This whole business has been the subject of ongoing controversy between the DNREC and the Center for the Inland Bays, and other “stakeholders,” for quite a few years now. A public hearing is being held on a proposed regulation on June 8, 2016. Green Delaware submitted these comments:
Mr. Robert P. Haynes, Esq., Senior Hearing Officer, Office of the Secretary
Steven Smailer, Section Manager, Wetlands and Subaqueous Lands Section
Virgil Holmes, Director, DNREC Division of Water
Below are some comments from Green Delaware on the proposed Shellfish Aquaculture regulation.
(1) In my opinion the conduct of public hearings by the DNREC habitually lacks respect for the public in numerous important ways. The Department should allow members of the public to be considered “parties,” should properly admit materials as exhibits, should allow questioning of witnesses, and should not admit post-hearing responses without allowing opportunity for rebuttal. The record should be left open for at least two weeks following the hearing so as to allow opportunity to digest and react to information developed at the hearing.
(2) The proposed regulation seems to be based on claims or assumptions that improvement in water quality will result. However, documents contained in or cited in this matter do not seem to support such claims. A report from the Chesapeake Bay Foundation does not seem to support such claims. The Department should not proceed to implement the proposed regulation/program without better reason to think water quality benefits would result.

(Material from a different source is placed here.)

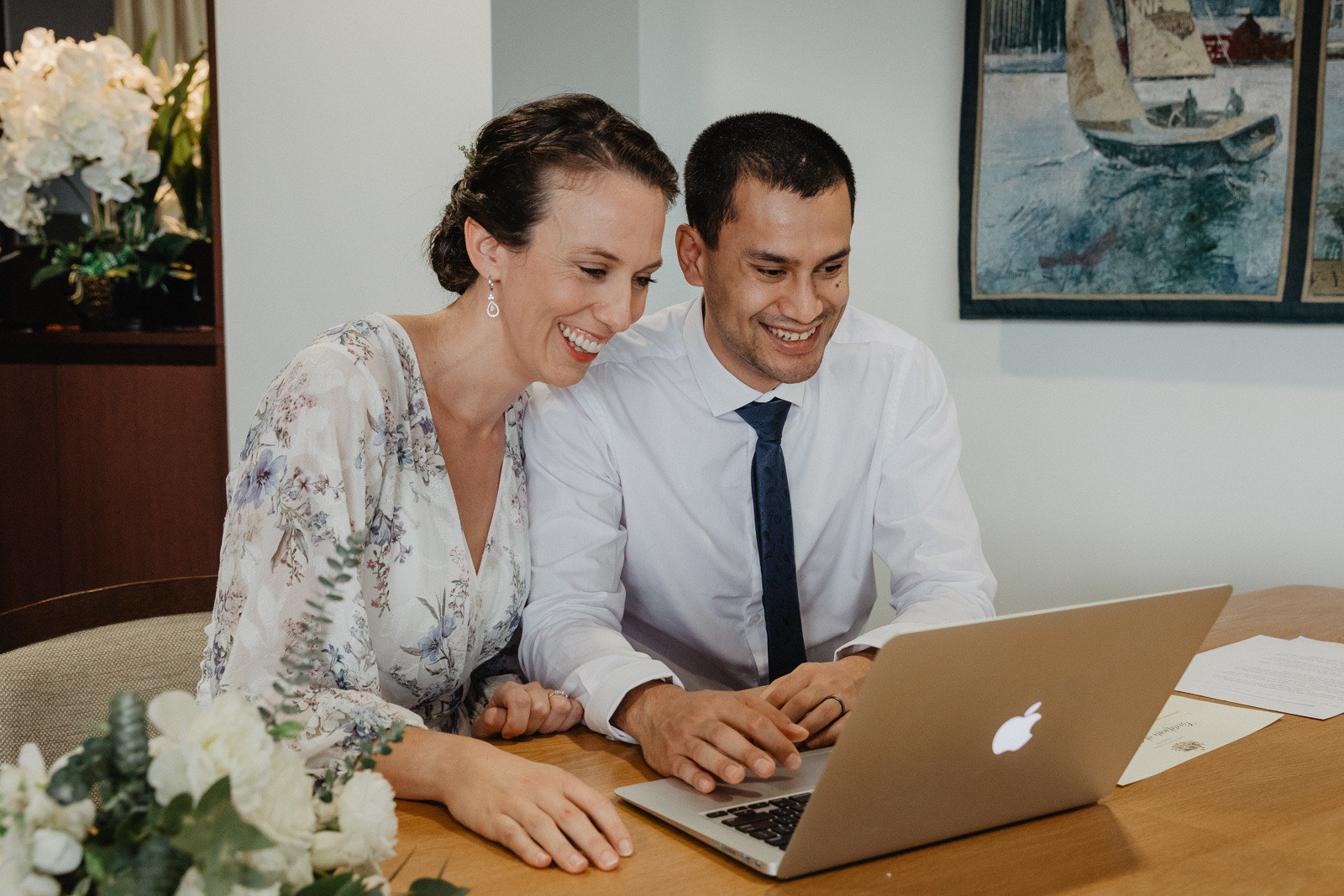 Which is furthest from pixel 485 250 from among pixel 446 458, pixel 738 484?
pixel 738 484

(3) Input into this matter seems to have been dominated by commercial interests. This comment particularly applies to the so-called “Tiger Team” organized by the Center for the Inland Bays. The public seems to have been largely excluded.
(4) The role, or potential role, of the Department of Agriculture in regulating and/or promoting a shellfish aquaculture program should be clarified, and the expertise in the Delaware Department of Agriculture to do so should be identified.
(5) The list of public hearing speakers circulated by Mr. Haynes seems to contain representatives of many organizations not adequately included in previous discussions. We also note the suspicious expulsion by the Center for the Inland Bays of Mr. Steve Callanen from participation in discussions.
(6) We understand that the proposed locations of aquaculture operations are in eutrophic waters, where dissolved oxygen levels at night are likely to drop to very low levels, leading to anaerobic respiration by oysters. This raises questions regarding the potential for commercially viable net growth of oyster biomass at these locations.
(7) Before proceeding, an evaluation/peer review of the proposed regulations/program by independent experts outside of Delaware should be carried out. This should include an evaluation of potential negative impacts.
(8) We have heard from a significant number of Delaware residents expressing concern about the proposed regulation.
For these and other reasons not stated here, Green Delaware feels that the proposed regulation is not “ready for prime time” and should not be adopted at this time. Increasing the population of oysters, hard clams, and other filter feeders in the Inland Bays is probably a worth goal, but this should be done via activities soundly based in “the science” and with due regard for the various interests having a stake in the condition of the Bays.